DSC_0549I have never really been a fan of Art Deco, largely, I think, because it is often seen out of context. Here, in Napier, everything is Art Deco and it looks very attractive. We were staying in the Masonic Art Deco Hotel and as the name implies is was all as it should be. Outside cars, beautifully restored and maintained, from the 1930s were parked and available for hire, with a driver, for the Art Deco tour. Shopkeepers, in shops which specialised in the style were dressed appropriately. There is a certain decadence, even frivolity, about the style and we felt it as we sat on the first floor terrace of the hotel, overlooking the street below, drinking wine. Remarkably this was our own wine. It must be one of the few hotels in the world that allows you to consume your own beverages without having to purchase from the hotel in the first place.
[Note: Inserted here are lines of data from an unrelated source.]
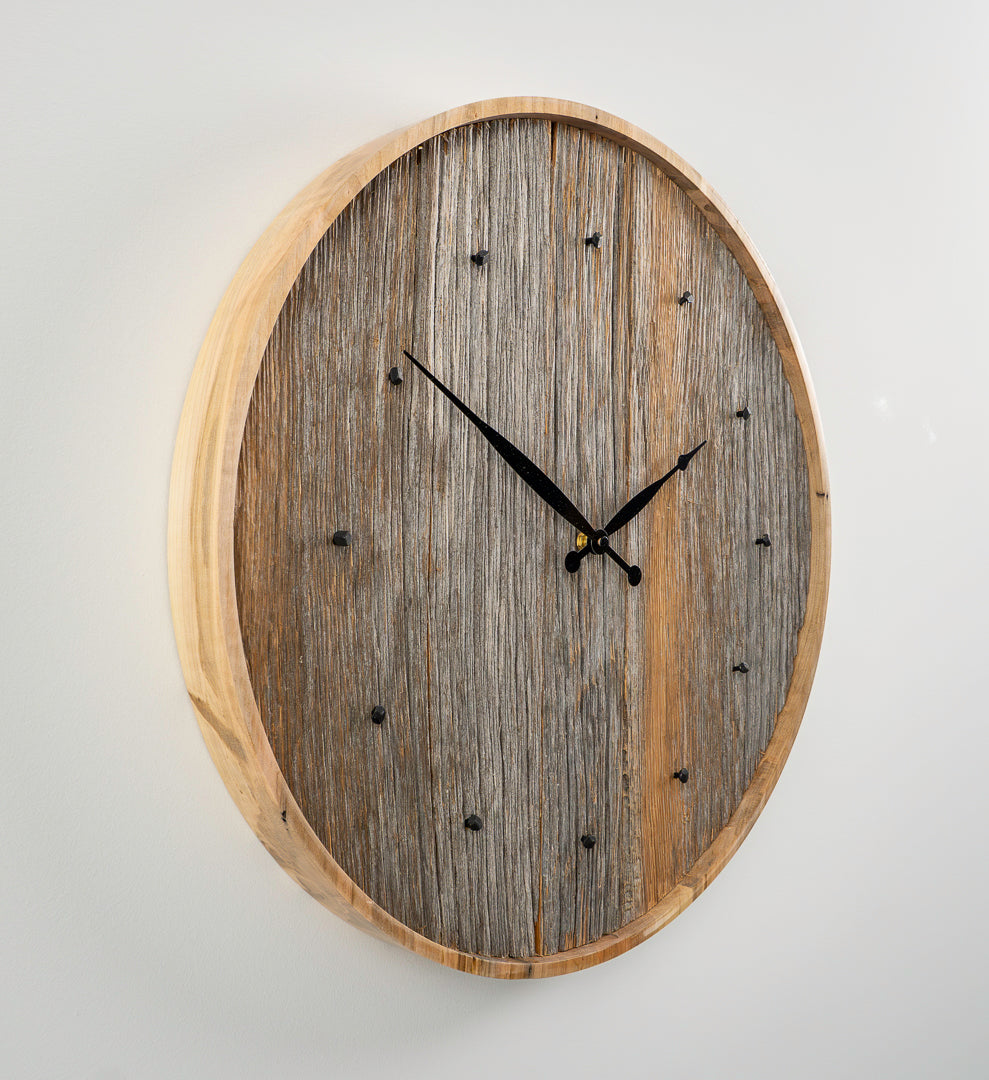 20" Weathered Grey & Brown Barnboard Wall Clock with Raw Maple Frame & Antique Nail Hour Markers – One of a Kind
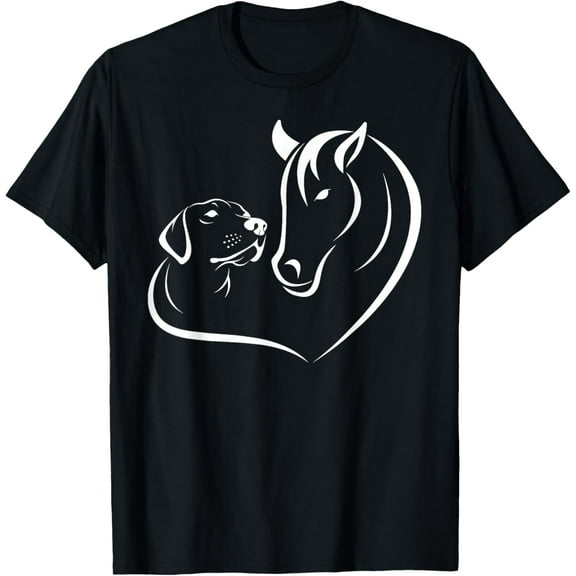 Horse and Dog Women and Men Motif Horse Dog Lover T-Shirt T-Shirt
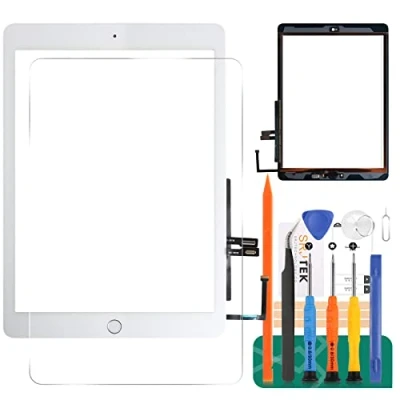 Image de Écran tactile numériseur de rechange pour iPad 9.7 2018 A1893 A1954, avec verre trempé, outils, bouton d&#039;accueil (écran LCD non inclus) (blanc)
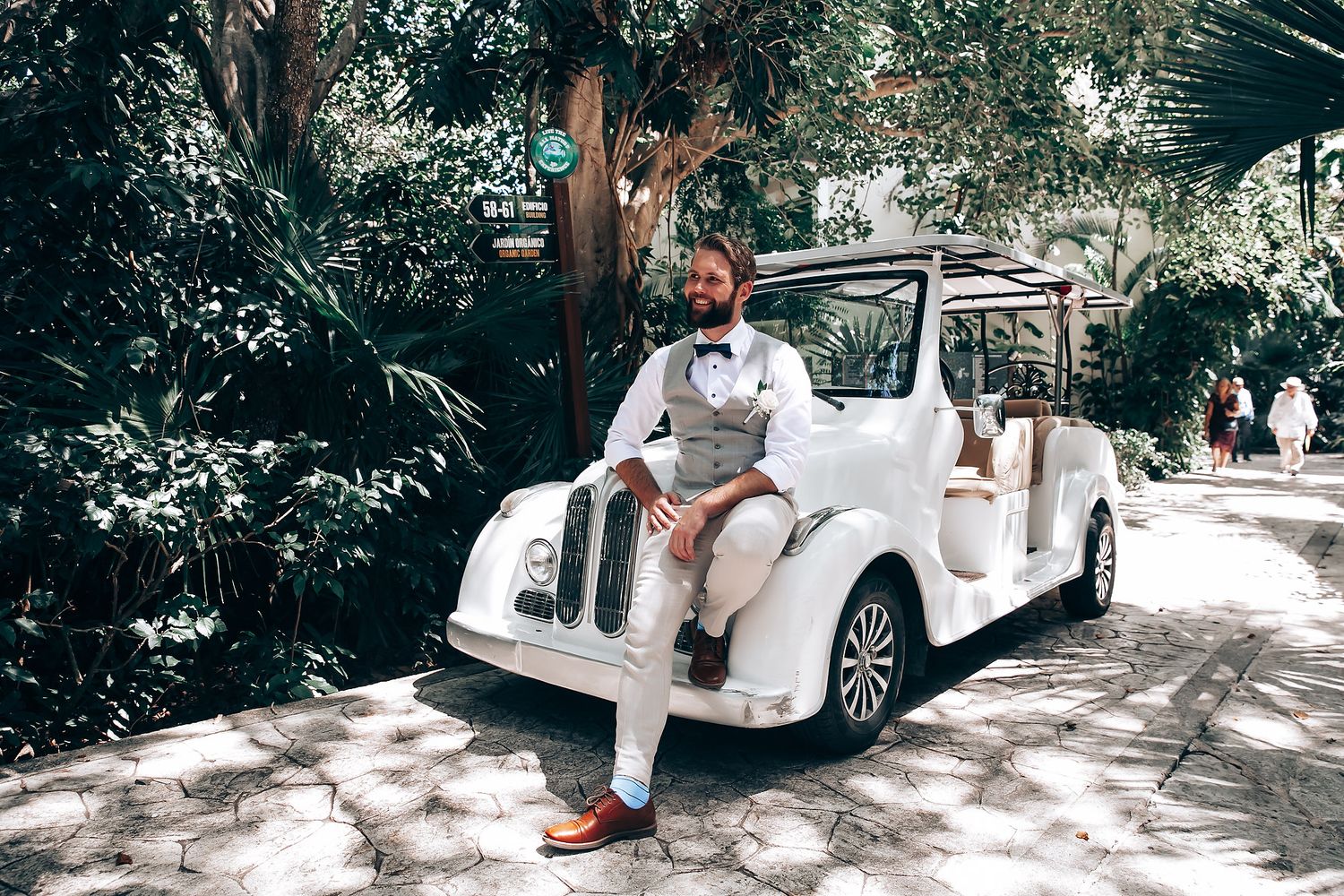 White decorated wedding cars parked along a shaded pathway with guests gathering around.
DSC_0562Having eaten we took an evening stroll through the meticulously manicured gardens on the sea front, with trees decked with coloured lights casting their glow over the flower beds beneath. Napier proved to be everything that Gisborne had not been. The buildings were interesting, it seemed to welcome tourists and was more geared up for them. A cruise ship was in harbour, so clearly they are used to mass influxes of people. It was a town that was cared for and had been lovingly restored from the disaster of 1931. I liked it. It was quirky. Sadly, the only thing that let Napier down was the quality of the beach, it was a grey shingle, such a contrast to the many golden and white sandy beaches we had encountered so far.

The following morning we drove the 300 plus kilometres to Wellington for some family time.